Mysql – How to translate from statement-based to row-based replication in MySQL


I have a production system that uses MySQL statement based replication for hot failover should a master database die. Running version 5.5 Percona. I have to use statement based replication for reasons that are immutable for the purposes of this question.

Now, I'd like to see the row-based replication stream of the same data, with the goal of trying to adapt this into an HBase based data store.

Is it possible to set up a MySQL server to slave (read) using statement-based replication, but at the same time be replication master (write to other slaves) using row-based replication? If so, how do I set this up? I've looked in the docs but failed to find it.

Best Answer

I have to use statement based replication for reasons that are immutable for the purposes of this question.

I assume, for the purpose of this question, that there may indeed be compelling reasons for using statement-based logging¹ but it is not generally recommended, because statement-based logging is relatively fragile.
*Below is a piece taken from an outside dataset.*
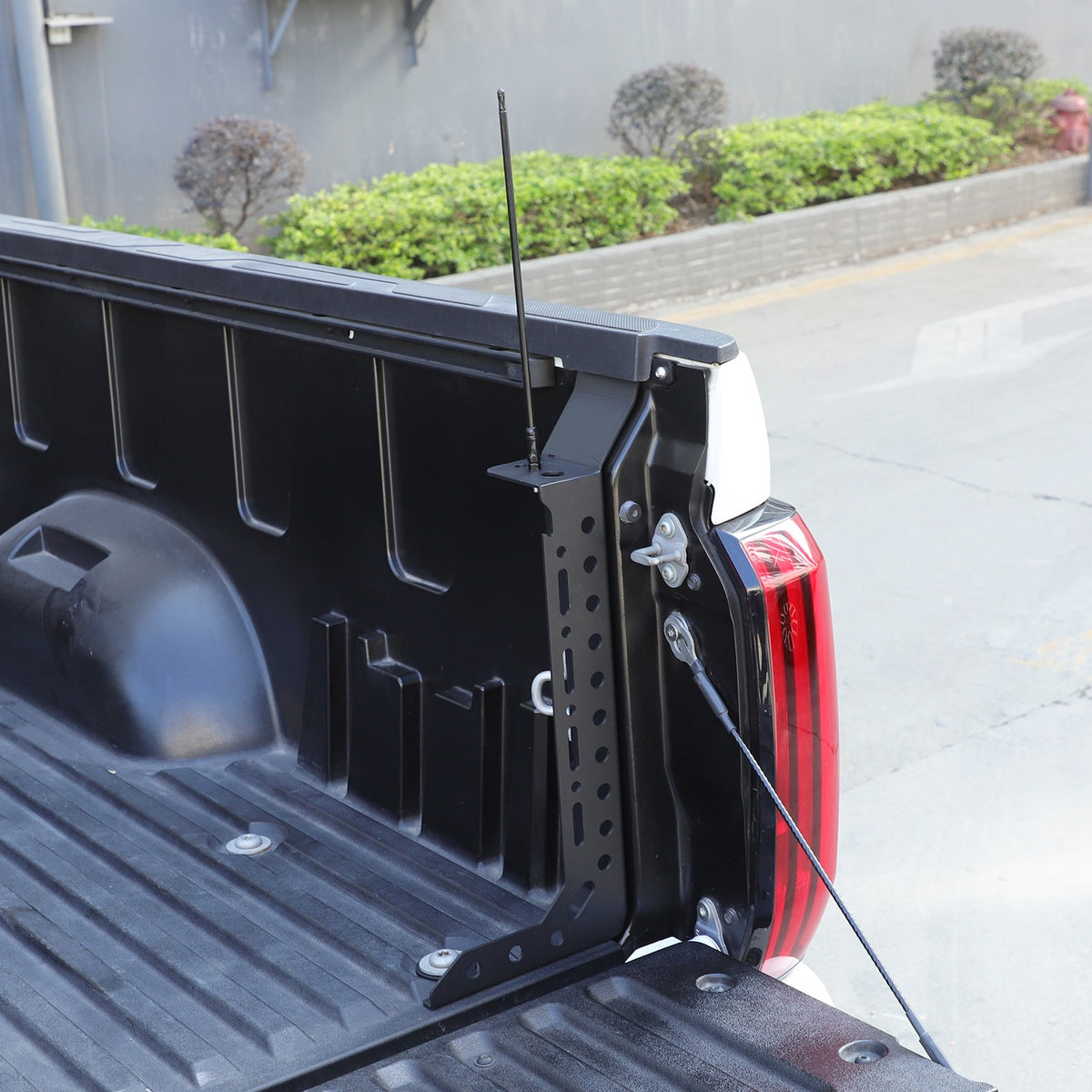 Black Steel L-Shaped Truck Bed Reinforcement Bracket For Toyota Tundra 2022+ 1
On any system where you have the flexibility not to use statement-based logging, don't use it -- use MIXED or ROW

MySQL Server (and compatible systems, like Percona Server, MariaDB, and Aurora for MySQL) automatically "translate" from one format to the other, based on the configuration of each individual server.

Each MySQL Server can set its own and only its own binary logging format (true whether binlog_format is set with global or session scope). This means that changing the logging format on a replication master does not cause a slave to change its logging format to match.

To restate this with some additional implications, what you want to do “just works,” because the setting of binlog_format on the slave does not specify what the slave expects. It only sets what the slave will generate.

Configure the slave with binlog_format=ROW and enable log_slave_updates in my.cnf on the slave (which causes incoming events to be rewritten to the slave's binlog).

...and you're done.

The slave will log all of its DML as row-based events in spite of the master's binlog format. You don't really have to do anything else to make a slave also be a master, since every MySQL server with binary logging enable is, essentially, already a master -- it just may happen to be a master without any actual slaves.

Any combination of master and slave binlog_format is valid except for a master configured as ROW and a slave configured as STATEMENT (the opposite of what you're doing here), because while statements can be translated into row events (they affect rows on the slave, after all), the converse isn't true -- you can't necessarily determine the specific statement that changed rows, if your only knowledge is the actual changed data. But for the application you're asking about, the above should do exactly what you intend.

I also discussed the interactions of the possible combinations of master and slave binlog format here, on in some additional detail.

¹logging is used here rather than "replication" because it's a more accurate description of what is actually being configured, though arguably the meaning is unchanged.

² STATEMENT logs the actual queries that made the change; ROW logs "row images" of the rows inserted/updated/deleted by the query. For updates, boththe old and new values are logged. MIXED mode allows the server to choose the format for each query, always using ROW when there is anything about the query that makes its impact on the database potentially unsafe for statement-based replication, because the replica could potentially interpret it in a way that would cause the replica's data to diverge from the master, because the query isn't deterministic. Examples might include an unordered UPDATE ... LIMIT where the replica might update a different set of rows depending on its index selection, and statements using non-deterministic functions like UUID(). Other seemingly-non-deterministic functions like NOW() and RAND() are compatible with statement-based replication, because there are hints written to the statement log to indicate the master's system time, and the master's random seed, at the time the query was executed.